Starting at the line that contains "Participants from the", repeat each line of the listing below through the last one, exactly, and leave out every picture.

Start of Block

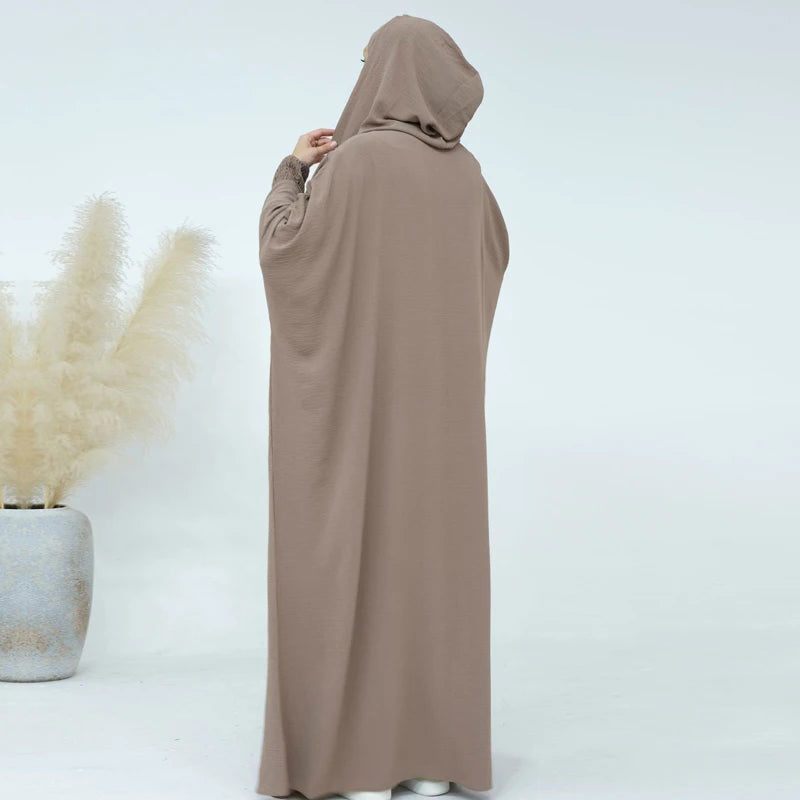 عباءة النسائية المزينة بتعليقات تضفي لمسة من الأناقة المرحة.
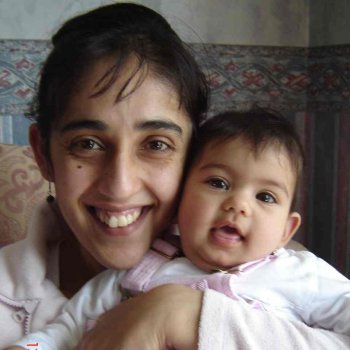 A photograph of Jasvinder holding baby Amrit and smiling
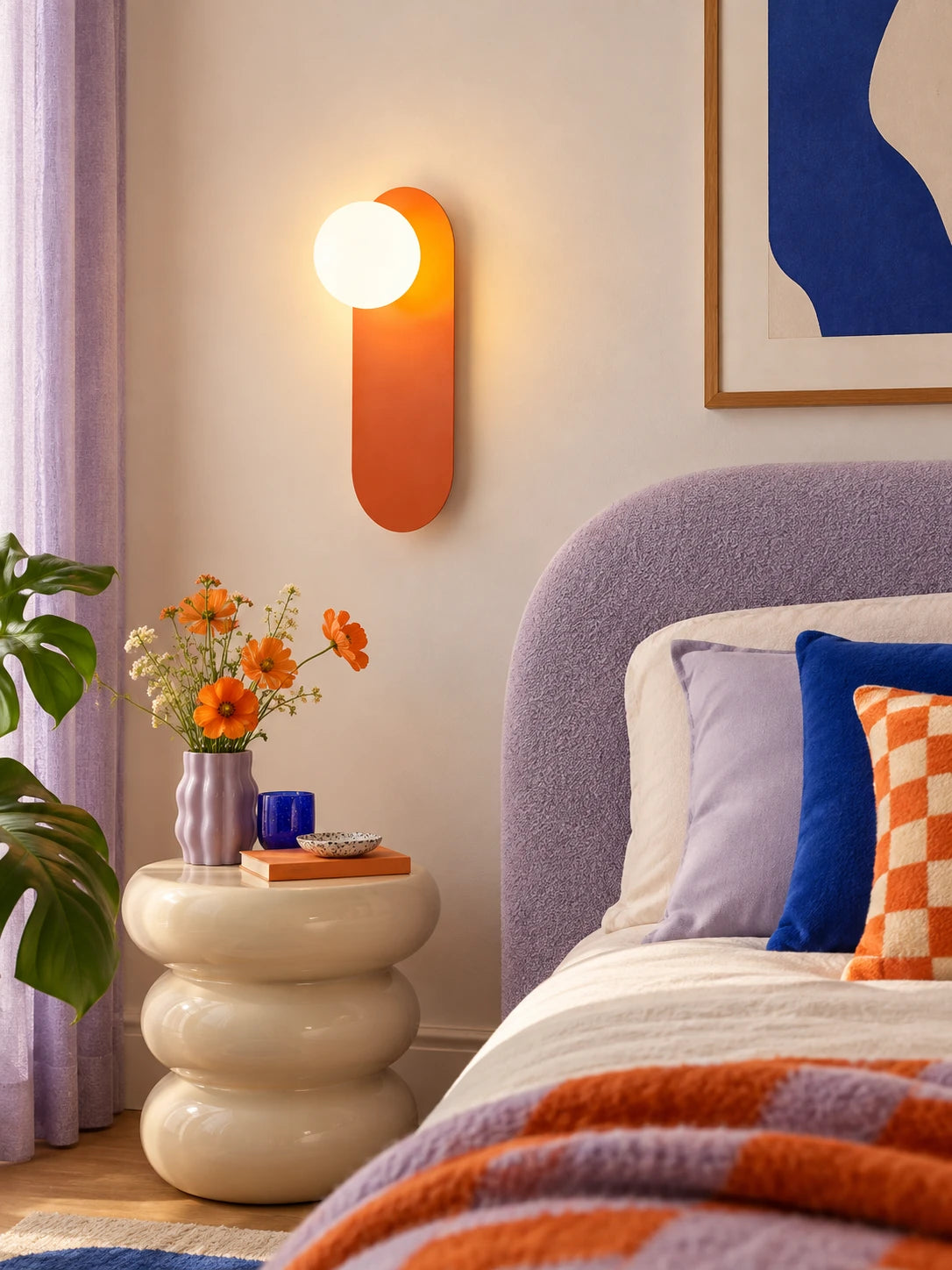 Warm wall lamp lighting a cozy reading corner with an armchair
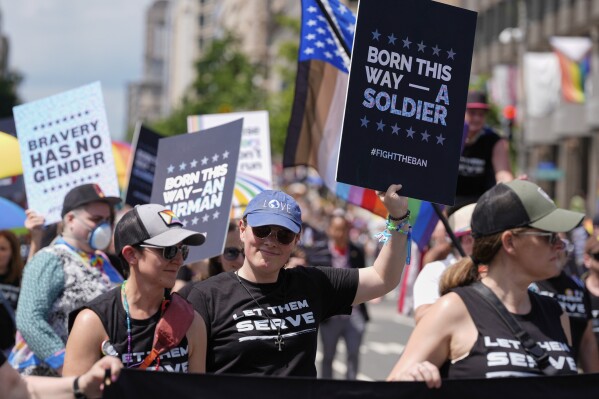 Participants from the Modern Military Association of America attend the World Pride Parade, Saturday, June 7, 2025, in Washington. (AP Photo/Mark Schiefelbein)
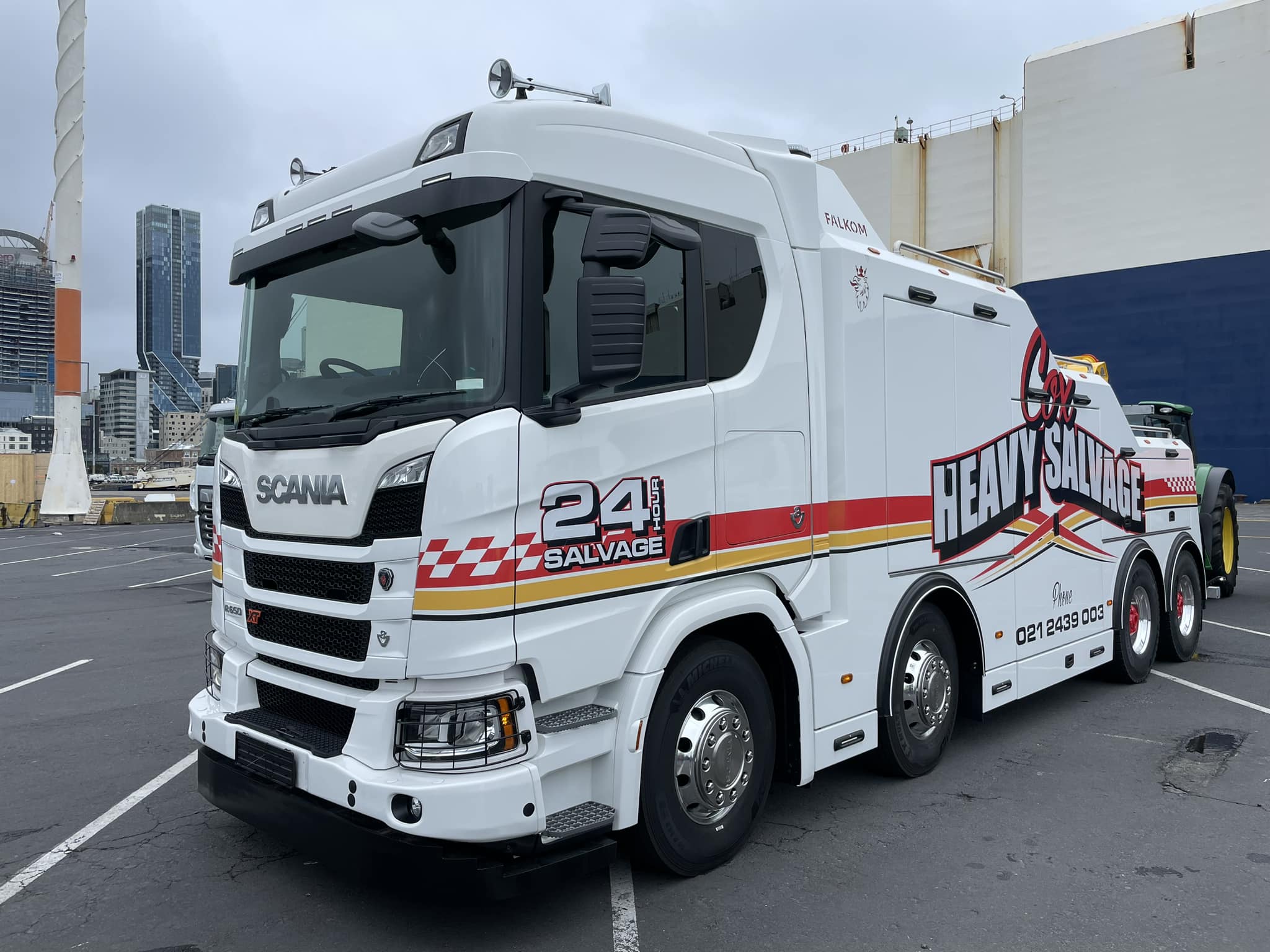 Landscape trucks lined up at a port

End of Block

_THE COMPLETED TASK_:
 Participants from the Modern Military Association of America attend the World Pride Parade, Saturday, June 7, 2025, in Washington. (AP Photo/Mark Schiefelbein)
 Landscape trucks lined up at a port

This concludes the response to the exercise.